=== Begin Enclosure ===
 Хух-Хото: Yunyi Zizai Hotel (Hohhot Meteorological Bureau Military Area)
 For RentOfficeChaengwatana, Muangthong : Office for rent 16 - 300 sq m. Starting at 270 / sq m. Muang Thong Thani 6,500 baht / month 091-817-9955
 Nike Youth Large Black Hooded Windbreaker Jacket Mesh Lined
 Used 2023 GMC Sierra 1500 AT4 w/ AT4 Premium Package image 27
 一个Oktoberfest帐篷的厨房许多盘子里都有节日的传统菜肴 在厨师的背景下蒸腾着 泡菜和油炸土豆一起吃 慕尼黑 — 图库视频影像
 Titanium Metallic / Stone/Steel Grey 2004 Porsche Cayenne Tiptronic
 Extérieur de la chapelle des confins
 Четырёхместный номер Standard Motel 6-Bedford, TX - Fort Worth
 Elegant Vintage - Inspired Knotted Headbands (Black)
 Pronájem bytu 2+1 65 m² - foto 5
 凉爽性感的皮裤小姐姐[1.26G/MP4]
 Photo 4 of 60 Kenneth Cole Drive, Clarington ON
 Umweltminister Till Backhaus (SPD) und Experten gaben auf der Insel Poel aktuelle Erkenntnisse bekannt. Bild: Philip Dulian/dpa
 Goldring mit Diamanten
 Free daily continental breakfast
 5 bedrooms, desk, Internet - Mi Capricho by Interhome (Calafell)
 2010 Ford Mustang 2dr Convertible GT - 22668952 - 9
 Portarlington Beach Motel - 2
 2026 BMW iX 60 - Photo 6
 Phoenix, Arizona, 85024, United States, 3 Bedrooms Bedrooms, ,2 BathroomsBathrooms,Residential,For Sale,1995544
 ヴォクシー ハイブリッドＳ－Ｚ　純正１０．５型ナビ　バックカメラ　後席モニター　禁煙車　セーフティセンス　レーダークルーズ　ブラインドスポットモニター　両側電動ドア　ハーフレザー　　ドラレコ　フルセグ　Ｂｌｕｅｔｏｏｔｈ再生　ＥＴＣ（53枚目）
=== End Enclosure ===
• [EXERCISE] Set down exactly the line that holds "Goldring mit Diamanten" and all lines after it to the end of the data.

• [ANSWER TO THIS EXERCISE]
 Goldring mit Diamanten
 Free daily continental breakfast
 5 bedrooms, desk, Internet - Mi Capricho by Interhome (Calafell)
 2010 Ford Mustang 2dr Convertible GT - 22668952 - 9
 Portarlington Beach Motel - 2
 2026 BMW iX 60 - Photo 6
 Phoenix, Arizona, 85024, United States, 3 Bedrooms Bedrooms, ,2 BathroomsBathrooms,Residential,For Sale,1995544
 ヴォクシー ハイブリッドＳ－Ｚ　純正１０．５型ナビ　バックカメラ　後席モニター　禁煙車　セーフティセンス　レーダークルーズ　ブラインドスポットモニター　両側電動ドア　ハーフレザー　　ドラレコ　フルセグ　Ｂｌｕｅｔｏｏｔｈ再生　ＥＴＣ（53枚目）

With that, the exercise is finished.